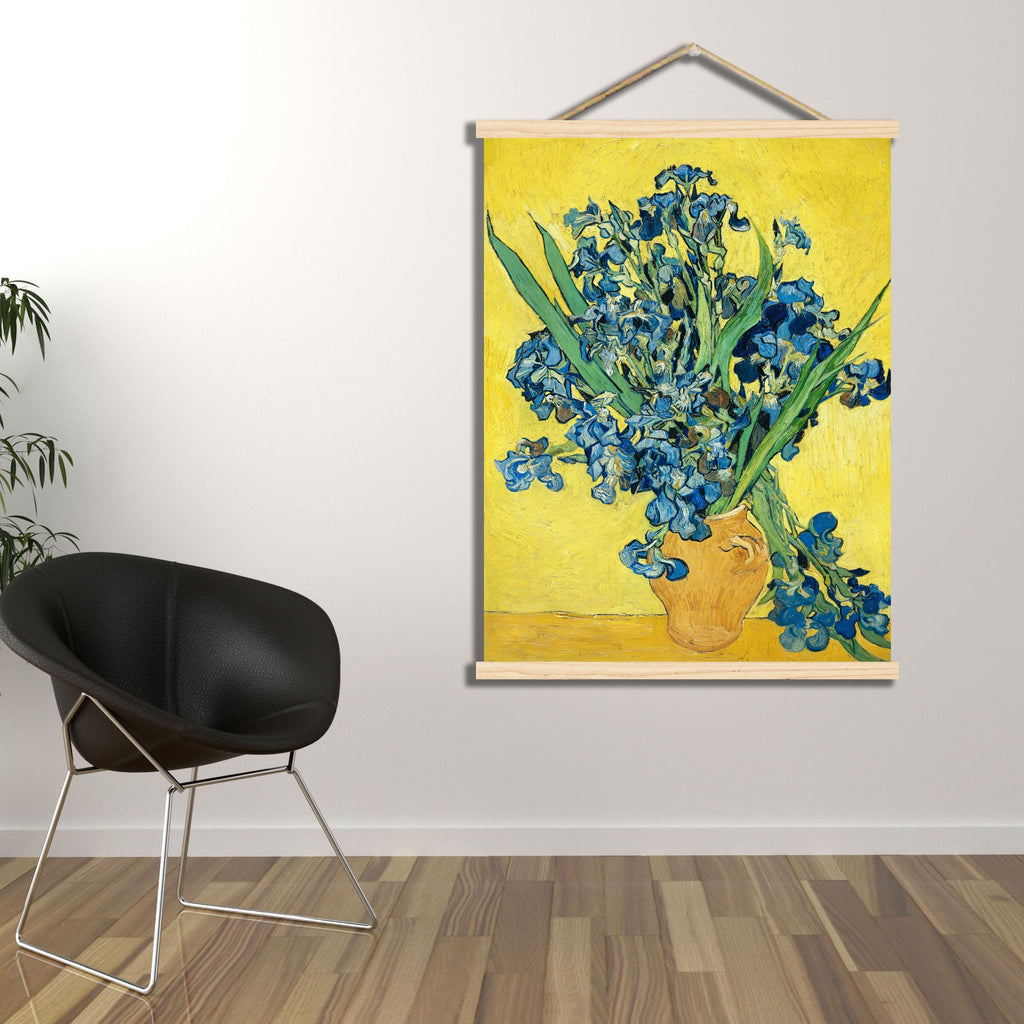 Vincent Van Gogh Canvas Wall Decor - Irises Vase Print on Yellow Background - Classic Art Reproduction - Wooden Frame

------------------------------------------------------------

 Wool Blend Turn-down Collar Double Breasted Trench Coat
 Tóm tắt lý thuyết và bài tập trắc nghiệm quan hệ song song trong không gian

------------------------------------------------------------

WHAT THE EXERCISE ASKS → Set down, unchanged, only those lines above that fall between the line with "Wool Blend Turn-down" and the line with "Tóm tắt lý thuyết", the two end lines included.

REPLY TO THE EXERCISE →
 Wool Blend Turn-down Collar Double Breasted Trench Coat
 Tóm tắt lý thuyết và bài tập trắc nghiệm quan hệ song song trong không gian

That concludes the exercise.